(Records provided)

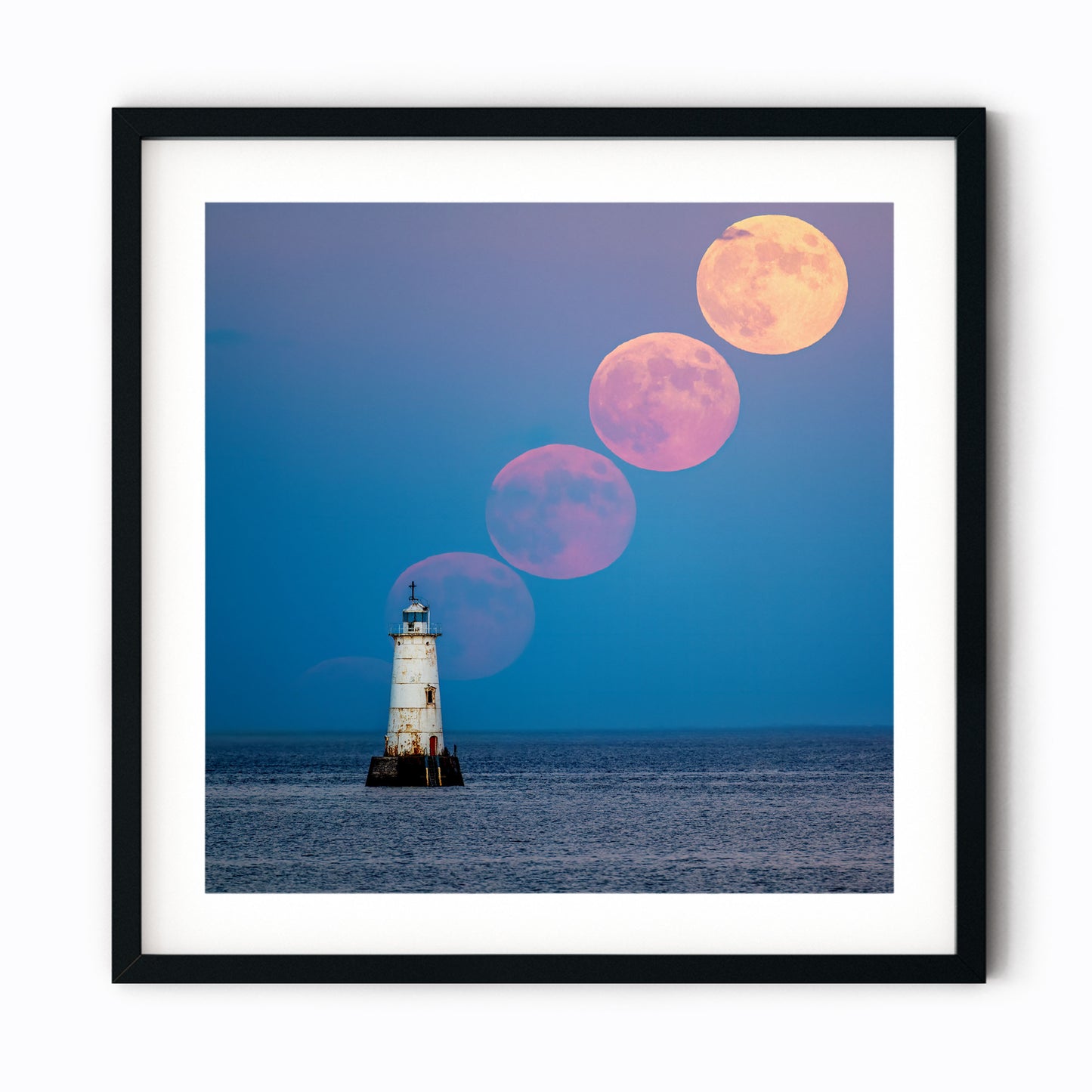Full Moon Rising over Great Beds Lighthouse, New Jersey 2023
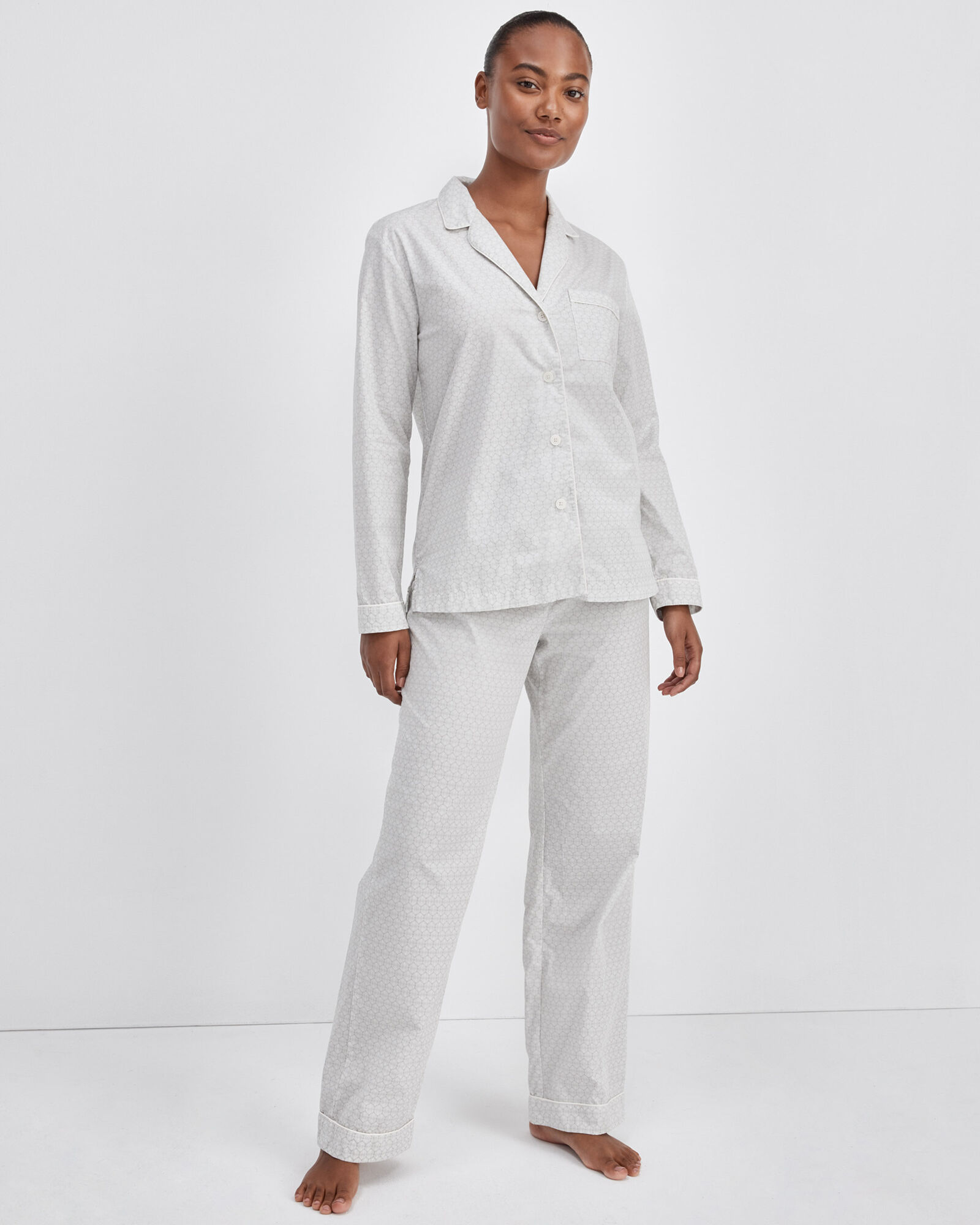 Organic Cotton Poplin Scallop Print Pajama Shirt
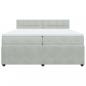 Preview: Boxspringbett mit Matratze Hellgrau 200x200 cm Samt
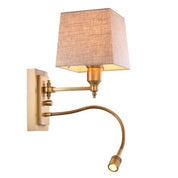 Wall Lamp Ellington antique brass finish incl shade
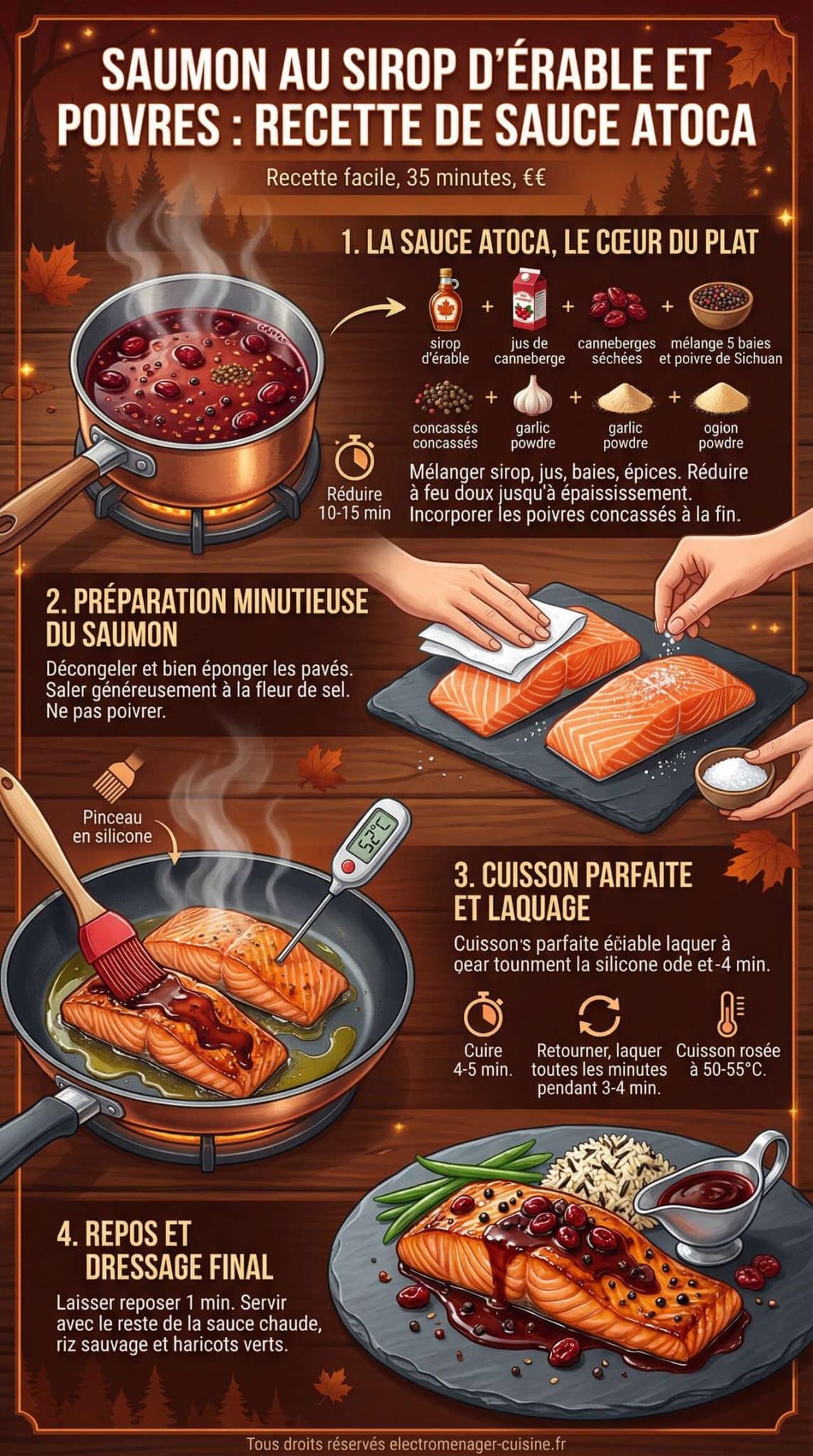 Fiche recette Saumon au Sirop d'&Eacute;rable et Poivres : recette de Sauce Atoca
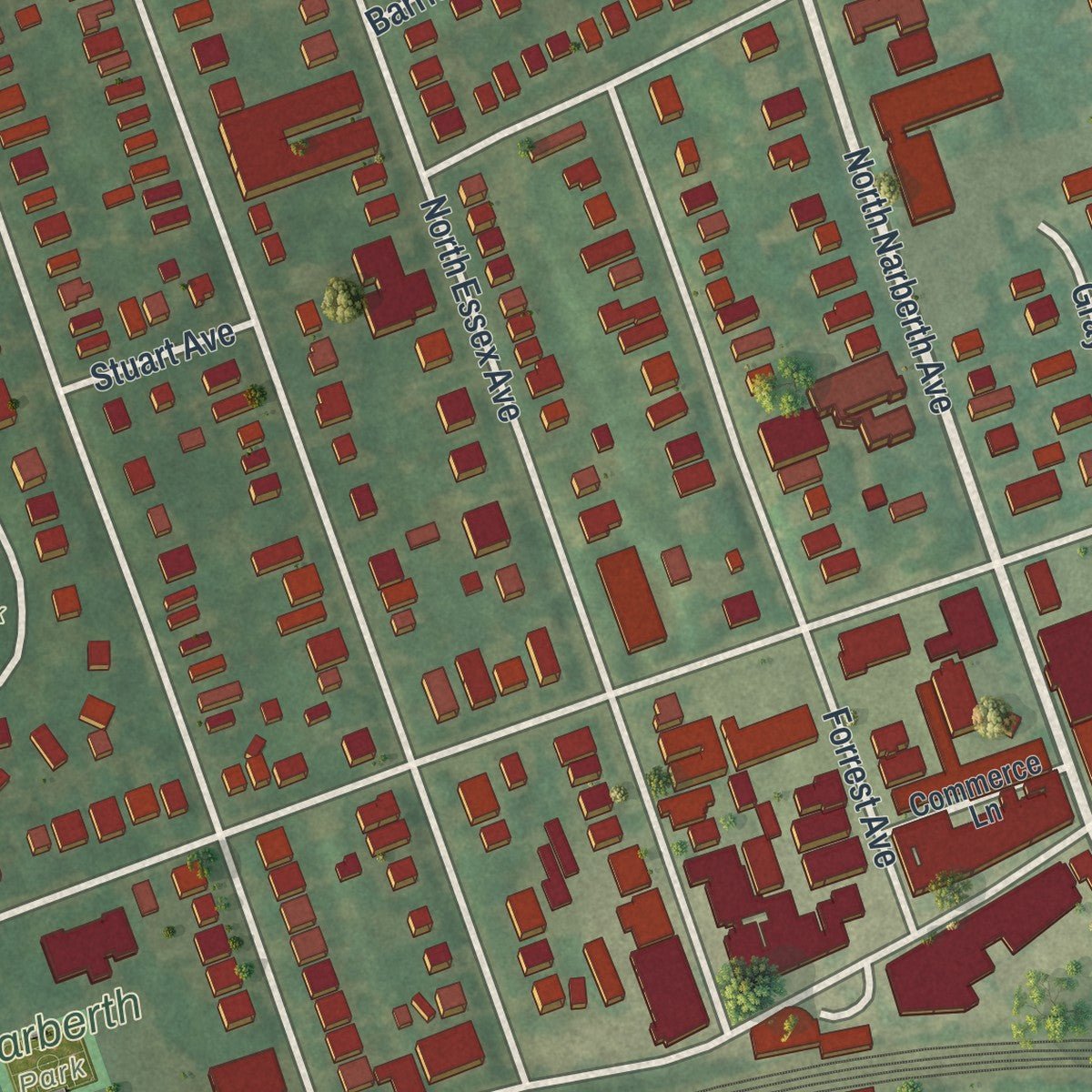 Close-up of the map of Narberth, Pennsylvania print showing street and building detail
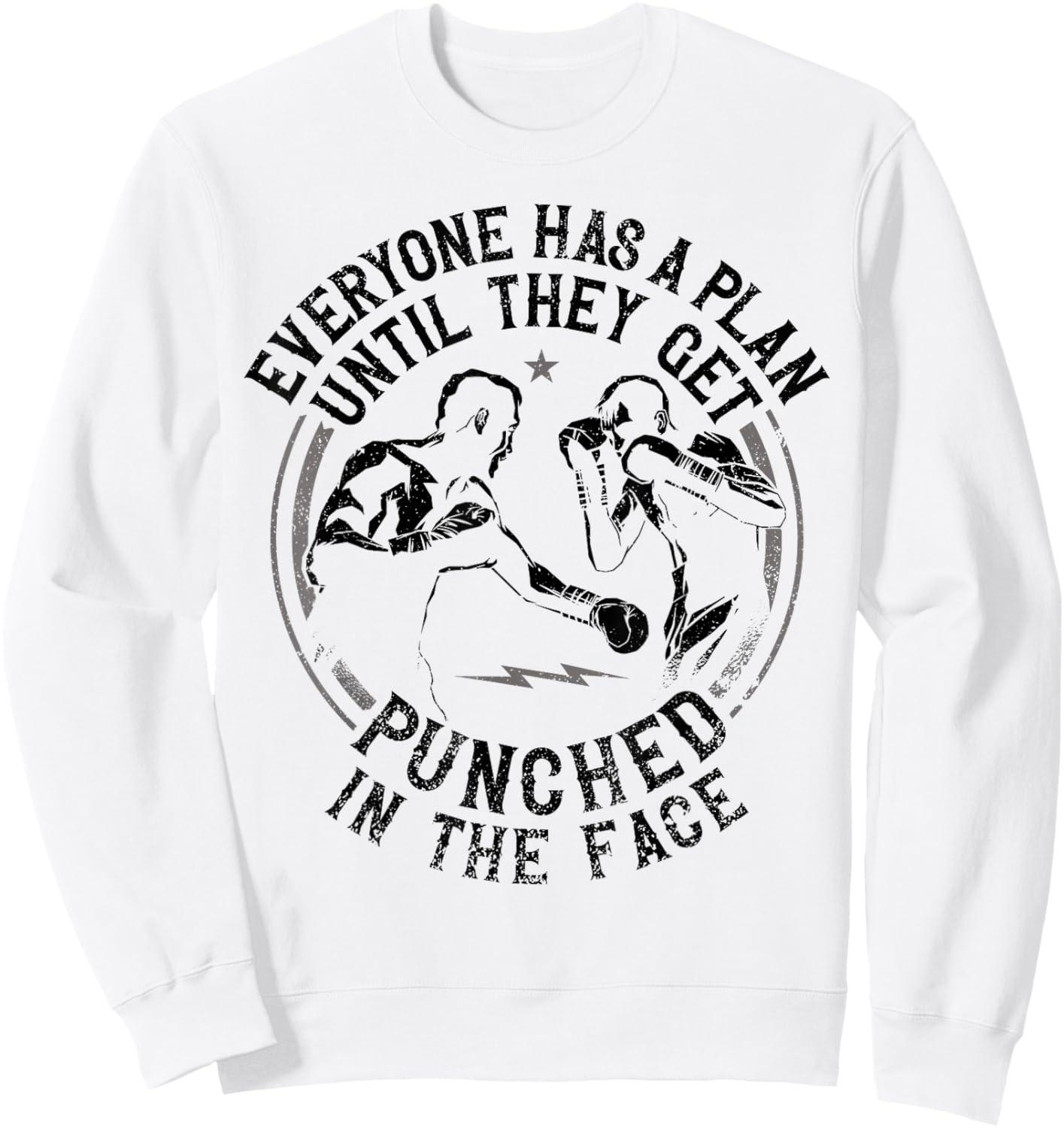 Boxing Vintage Everyone Has A Plan Until They Get Punched In Sweatshirt - Sweatshirt | White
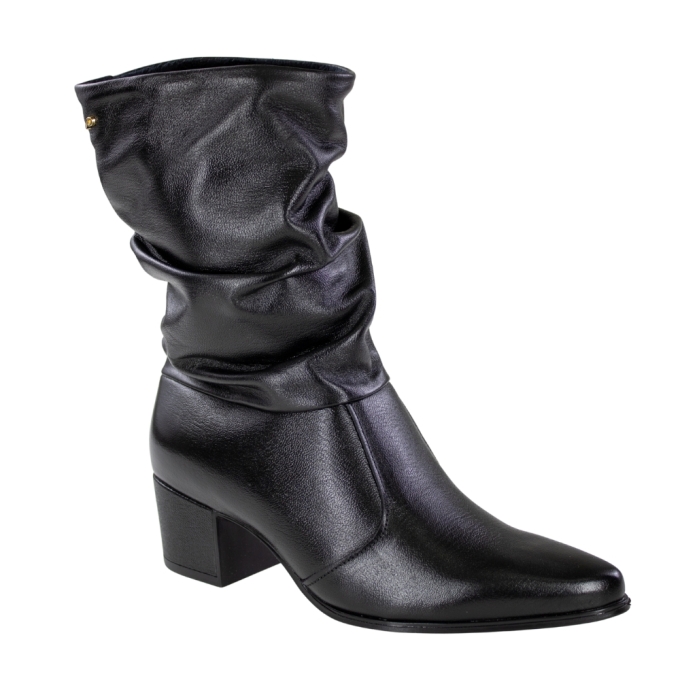 Bota Feminina Pegada Cano Médio Bloco Plissado - PRETO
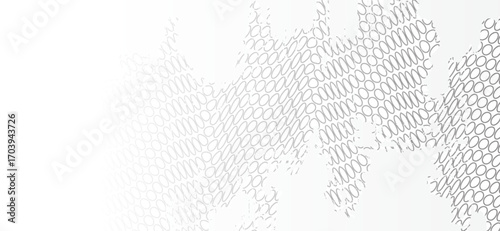 A mesmerizing abstract background features a wavy pattern composed of countless small, oval shapes in muted gray tones, creating a soft and ethereal effect with a subtle gradient shift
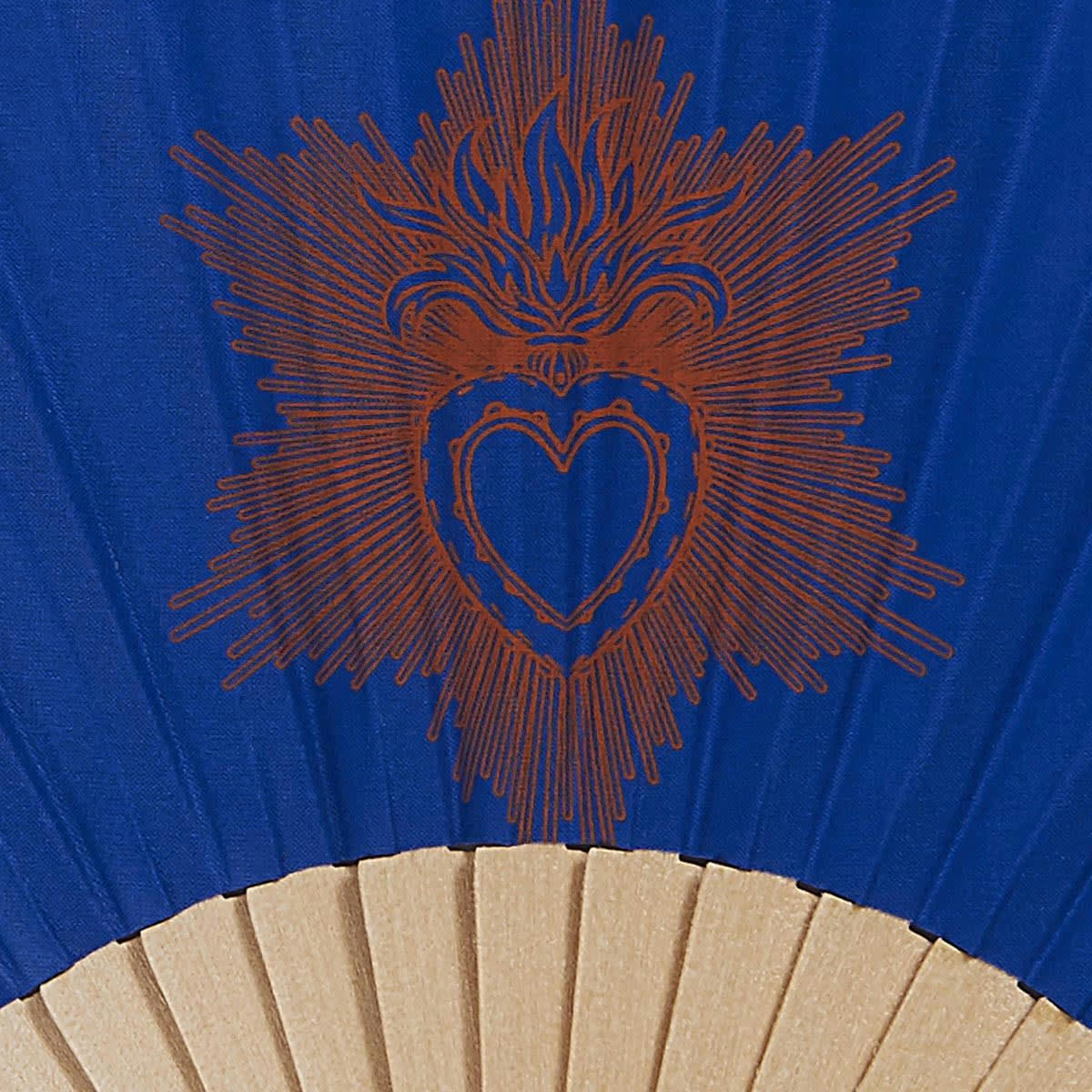 EX VOTO - Éventail en bois de bouleau et coton sérigraphié bleu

(End Records provided)

Problem statement: All of the preceding material should be output verbatim, with the pictures excluded.

Written answer:
Full Moon Rising over Great Beds Lighthouse, New Jersey 2023
 Organic Cotton Poplin Scallop Print Pajama Shirt
 Preview: Boxspringbett mit Matratze Hellgrau 200x200 cm Samt
 Wall Lamp Ellington antique brass finish incl shade
 Fiche recette Saumon au Sirop d'&Eacute;rable et Poivres : recette de Sauce Atoca
 Close-up of the map of Narberth, Pennsylvania print showing street and building detail
 Boxing Vintage Everyone Has A Plan Until They Get Punched In Sweatshirt - Sweatshirt | White
 Bota Feminina Pegada Cano Médio Bloco Plissado - PRETO
 A mesmerizing abstract background features a wavy pattern composed of countless small, oval shapes in muted gray tones, creating a soft and ethereal effect with a subtle gradient shift
 EX VOTO - Éventail en bois de bouleau et coton sérigraphié bleu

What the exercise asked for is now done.